Rassistischer Anschlag in Hanau: Ermittlungen eingestellt
Die Bundesanwaltschaft kommt zu dem Schluss, dass der Täter in Hanau allein gehandelt habe. Angehörige der Opfer prüfen dagegen eine Klage.
Der 43-Jährige hatte am 19. Februar 2020 in Hanau an zwei Orten neun Menschen mit Migrationsgeschichte erschossen: Kaloyan Velkov, Fatih Saraçoğlu, Sedat Gürbüz, Vili Viorel Păun, Gökhan Gültekin, Mercedes Kierpacz, Ferhat Unvar, Hamza Kurtović, Said Nesar Hashemi. Mehrere weitere Personen wurden teils schwer verletzt. Anschließend fuhr Tobias R. nach Hause, erschoss dort seine Mutter und dann sich selbst.
In ihrer Einstellungsverfügung schreibt die Bundesanwaltschaft nun noch einmal das Motiv des Anschlags fest: Tobias R. habe „aus einer rassistischen Motivation heraus“ seine Tat begangen. Hier hatte es Diskussionen gegeben, weil R. in seinem Bekennerschreiben neben offenem Rassismus auch Verschwörungs- und Verfolgungswahn offenbart hatte. Ein Gutachter der Bundesanwaltschaft hatte R. posthum eine paranoide Schizophrenie attestiert – auf die eine „rechtsradikale Ideologie“ aufgesetzt gewesen sei.

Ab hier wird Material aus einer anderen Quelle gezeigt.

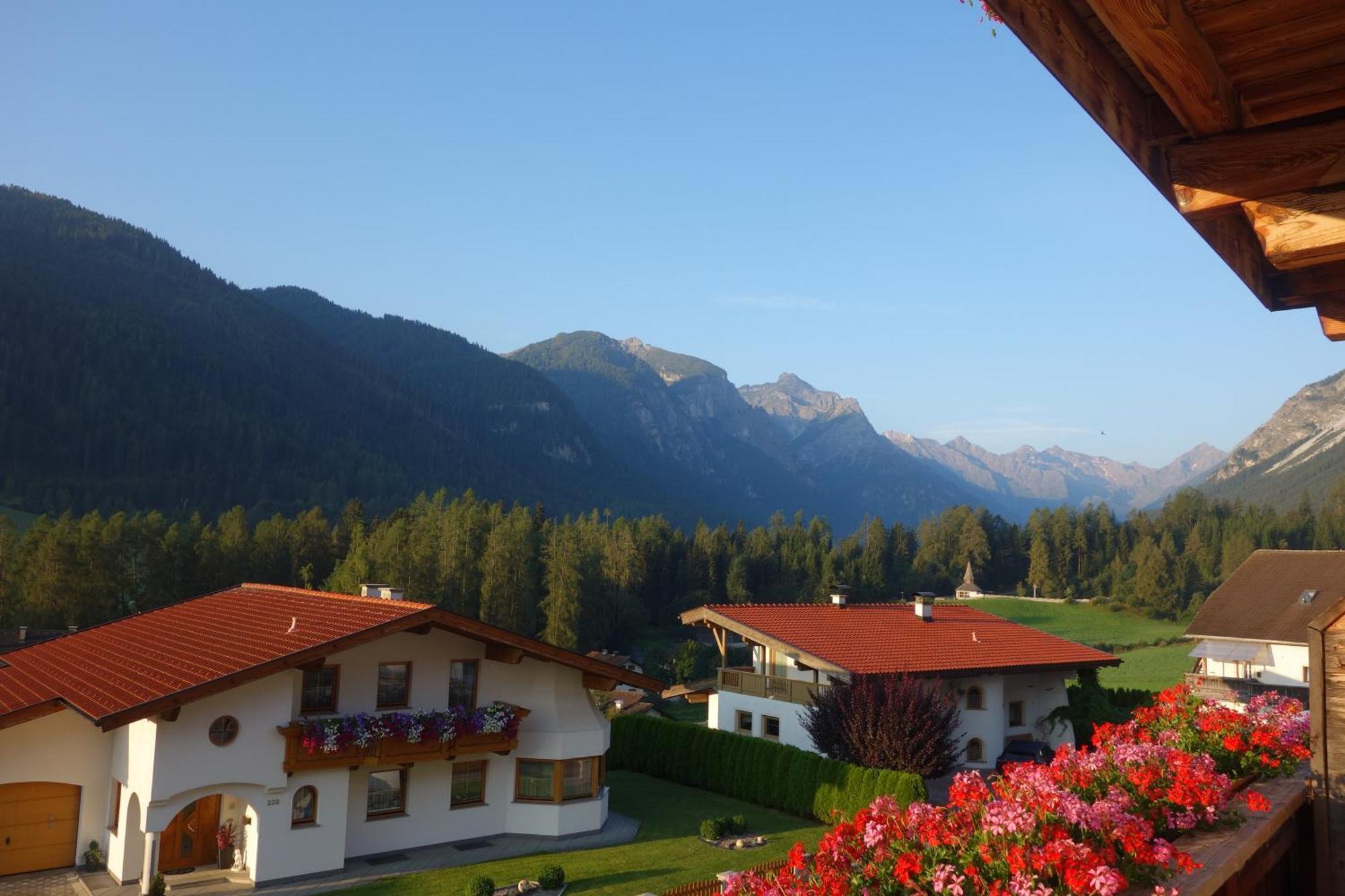 Alpen Gasthof Apartments Hohe Burg Trins Exterior photo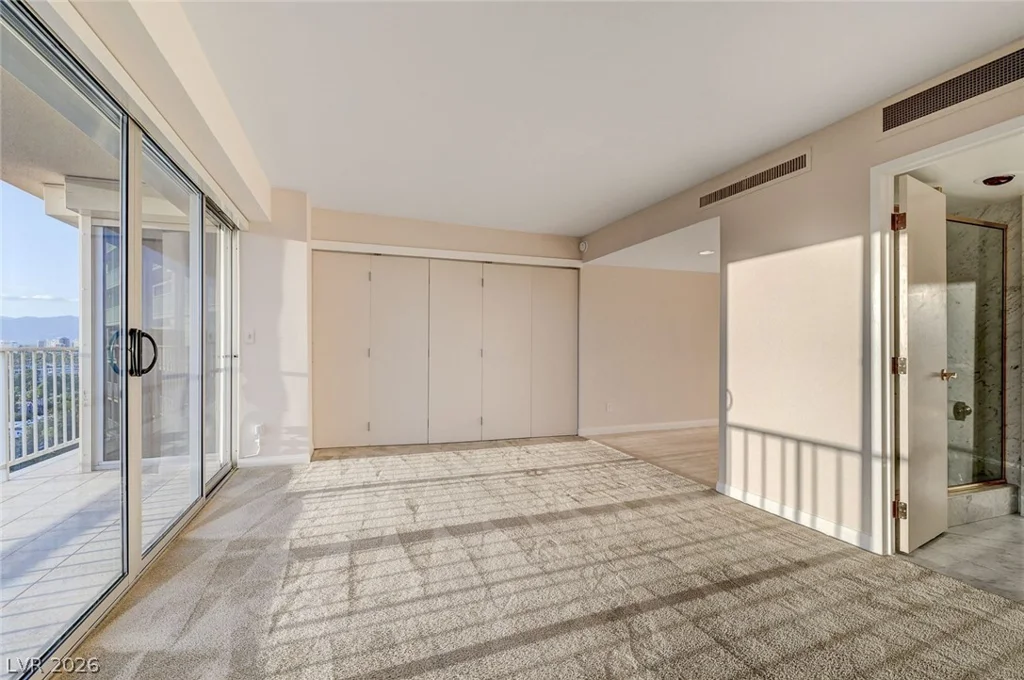 3111 Bel Air, Las Vegas, NV 89109
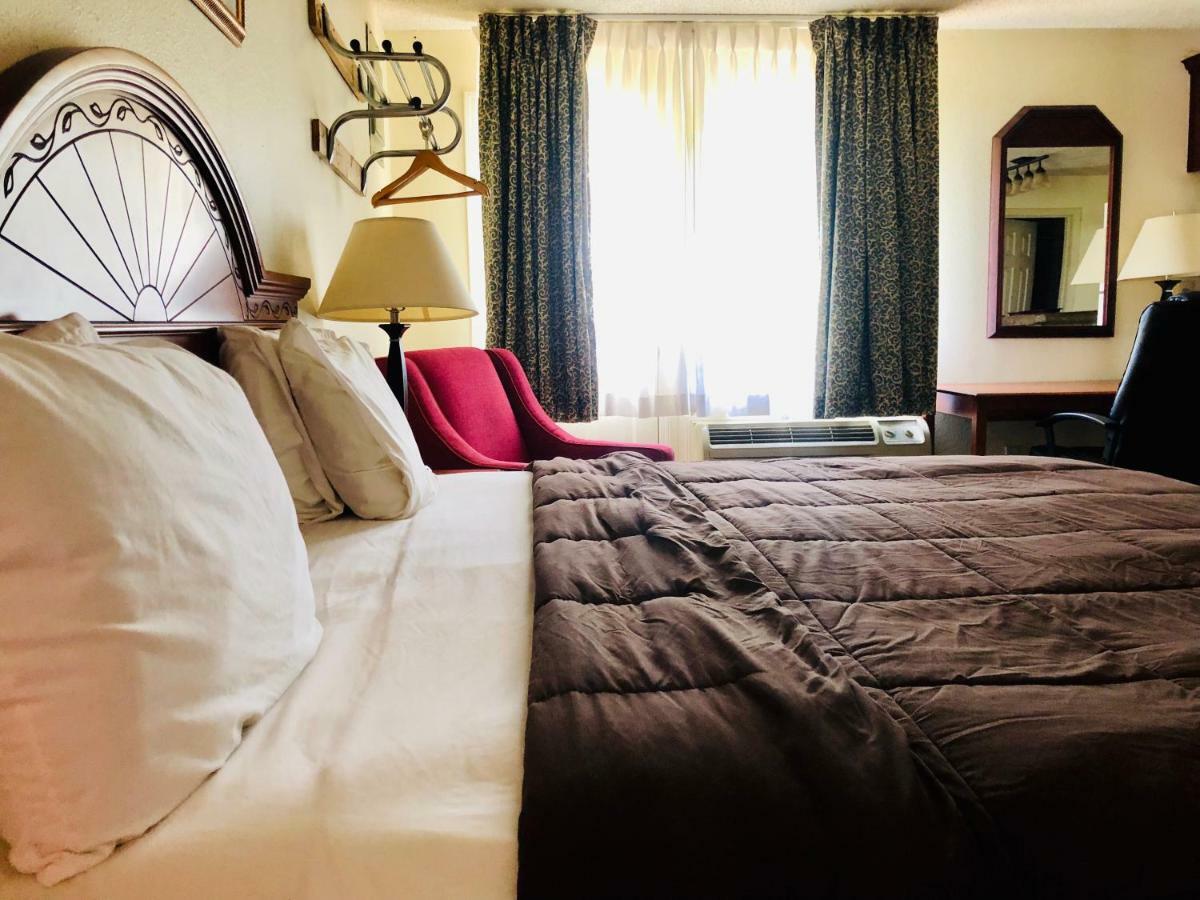 Ozark Inn & Suites 외부 사진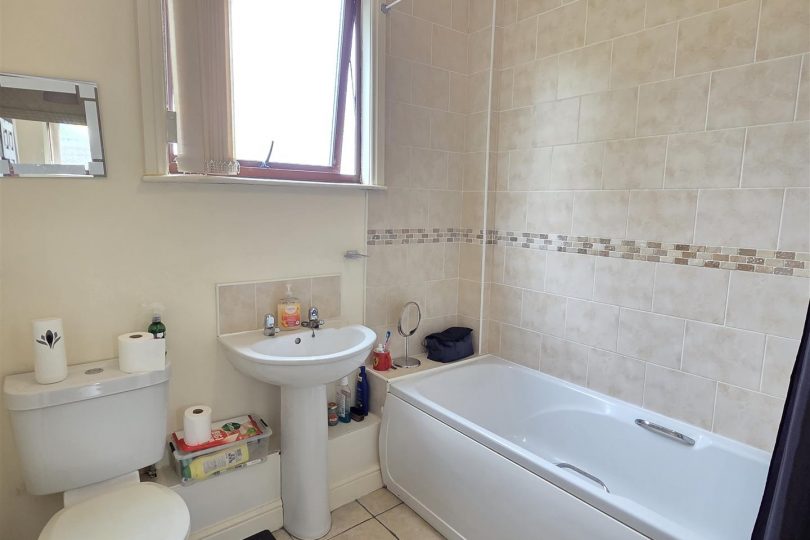 Flat Tutin House Oxford Street Market Rasen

Weitere Helfer, Mitwisser oder Mittäter beim Anschlag schließt die Bundesanwaltschaft indes aus. Auch hierzu habe man ermittelt, habe Kontaktpersonen von Tobias R. „gleich welcher Art“ überprüft, so die Behörde. „Dabei haben sich keine Hinweise darauf ergeben, dass andere Personen in die Anschlagspläne von Tobias R. eingeweiht gewesen sein könnten“, so die Behörde.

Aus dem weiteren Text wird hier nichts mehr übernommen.